The book described 20 species of native oaks found in California. Fossils reveal even more thousands of years ago. These trees evolved into an integral part of the wildlife here, serving as food and home for bird, mammal, reptile and insect life.
Squirrels, of course, use the acorns nuts for nutrition. So do birds. Walk through an oak grove in late summer or fall, and you’ll hear the tap-tap-tapping of a woodpecker depositing the acorns in holes drilled in the bark. Even the mighty grizzly bears, when they roamed wild here, had a hankering for acorn. They used their powerful strength to shake the oak limbs, raining down the nuts to enjoy a feast.

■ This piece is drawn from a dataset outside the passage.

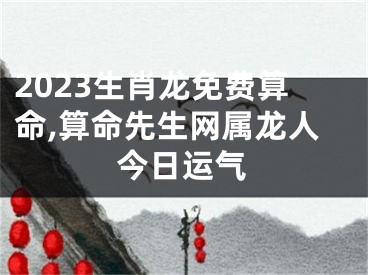 2023生肖龙免费算命,算命先生网属龙人今日运气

When Native Americans discovered the bounty of California thousands of years ago, their entire society became entrenched with these trees. They saw oaks as gifts from the gods. The acorns became the staple of the California Indian diet. Women and children spent hours harvesting the nuts in the autumn and grinding them with rock pestle and mortars. Here in the South Valley at Chitactac-Adams County Park, you can still see the grinding holes in a rock cropping along the creek.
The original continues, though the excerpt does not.